280. DU MARQUIS D'ARGENS.
Berlin, 10 novembre 1762.
Sire,
La meilleure façon, selon mon petit jugement, c'est de faire marcher d'un pas égal la politique avec la guerre, c'est de continuer à battre vos ennemis et à les mener aussi vertement que vous avez fait cette campagne. On répand dans ce moment la nouvelle, comme certaine, que les préliminaires sont signés entre la France, l'Angleterre et l'Espagne; on dit même que le courrier qui en porte la nouvelle à V. M. doit avoir passé le 5 de ce mois à Rotterdam. Si cela est vrai, quelque condamnable que soit la conduite de Bute, elle ne me surprend pas, parce que je l'ai prévue dès que M. Pitt quitta le ministère. Une chose me console : c'est que, les armes étant journalières, après bien des victoires, le prince Ferdinand pouvait perdre une bataille, et en ce cas nous aurions eu des Français à Halberstadt et tout le long de l'Elbe, et peut-être de plus grands embarras. Si tous les Français s'en retournent, quand même ils remettraient Wésel aux <373>Autrichiens, c'est une épine de moins dans notre chemin. Je ne crains guère les Autrichiens seuls, et le succès de votre campagne est une preuve que mon sentiment est fondé sur l'expérience.
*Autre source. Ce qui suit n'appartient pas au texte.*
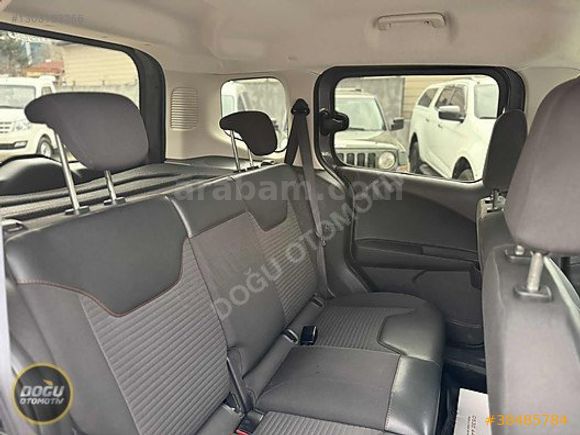 58.500 KM' de 2023 FORD COURİER 1.5 TDCİ TİTANİUM PLUS HATASIZ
Vous me demandez, Sire, pourquoi depuis quelque temps je purge toujours, et la raison pourquoi mes boyaux sont relâchés. C'est que je purge l'enlèvement de Schweidnitz dans deux heures, la prise de Colberg, et la malheureuse fin de Pierre III. A chacun de ces événements, j'ai fait une maladie à tuer un cheval vigoureux. Jugez de l'effet que cela a produit sur mon corps déjà affaibli. J'ai, Sire, cinquante-neuf ans; je suis né le 24 de juin, l'an quatre de ce siècle; et, lorsque vous vous appelez vieux, jugez donc comment je dois me regarder. Cependant je ne doute pas, Sire, que je ne puisse faire le voyage de Leipzig, et même sans aucun risque; car je travaille sérieusement, depuis quelques jours, à me remettre, et, quoique vous me traitiez de glouton, je vis aussi sobrement qu'un novice capucin. Avec ce régime et quelques remèdes fortifiants, mon médecin m'a donné sa parole que je serai remis pour le 1er de décembre, qui est le jour que V. M. m'a fait l'honneur de m'écrire devoir être celui de mon départ; je me suis donc arrangé en conséquence.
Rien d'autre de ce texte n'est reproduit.